Out of breath at the ninth floor, she rested her forehead against the whitewashed plastered wall. Her own footsteps still reverberated around the corners. Beneath her hand in the wall she felt a crack, which opened, at her touch. Black spilled onto the white and the footsteps grew louder. "Accidental damage should be reported immediately to line manager." The crack gaped ever wider. Bella fled upstairs and banged through the swing doors on the tenth floor. A door across the landing stood open; she ran to it and into a familiar room. Empty of people, filled with benches, vacant counter windows and one solitary chair. "Report to receptionist ten minutes after your appointment time if your name has not been called." The door on the other side of the room opened and into the room came a man wearing a sober suit and a grinning triangular mask for a face. Bella groped for the chair and propelled it at the window. The area of impact splintered and she climbed onto the window ledge, kicking at the glass. "It is dangerous to allow children on the window sill."


She had to find him — not that he was of any particular importance — but she would be able to impose a token amount of order, to put one little thing right. She couldn't hope to solve anything, but could maybe purge a little of her guilt. It seemed to her that if she could remove a part of the guilt, there being still time, she might wipe some of the smile from the laughing face.

There were so many derelicts, however, so many homeless, she could look forever. Dragging her shattered leg impeded her, all the more so for the lack of support in her spine, which she estimated to have snapped in three places. Instinct drew her on. Loss of blood onto the pavement was alarming pedestrians, but she could neither stop nor hide in a doorway.

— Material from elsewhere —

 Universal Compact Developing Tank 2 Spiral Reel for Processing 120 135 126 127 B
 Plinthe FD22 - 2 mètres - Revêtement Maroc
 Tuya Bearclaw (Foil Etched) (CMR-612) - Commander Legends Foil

Fifty yards away she caught sight of his back. His crutches glinted in the harsh sunlight; his foot scuffed the ground uselessly. She dug into her pocket for coins, but her hand sank into a raw gash. She knew as she tore her hand free of the muscle that it was too little too late. The tramp turned round and raised a crutch in defense. She knew what face she would see if she looked, even though it didn't belong there. So she wouldn't validate its existence by looking; she wouldn't give it the pleasure. Instead, she would have the last laugh and accept the responsibility. She tore at her own eyes with her nails and blood ran into the hollows of her cheeks, accentuating the geometry described by the two bloody sockets in relation to the smashed hanging jaw.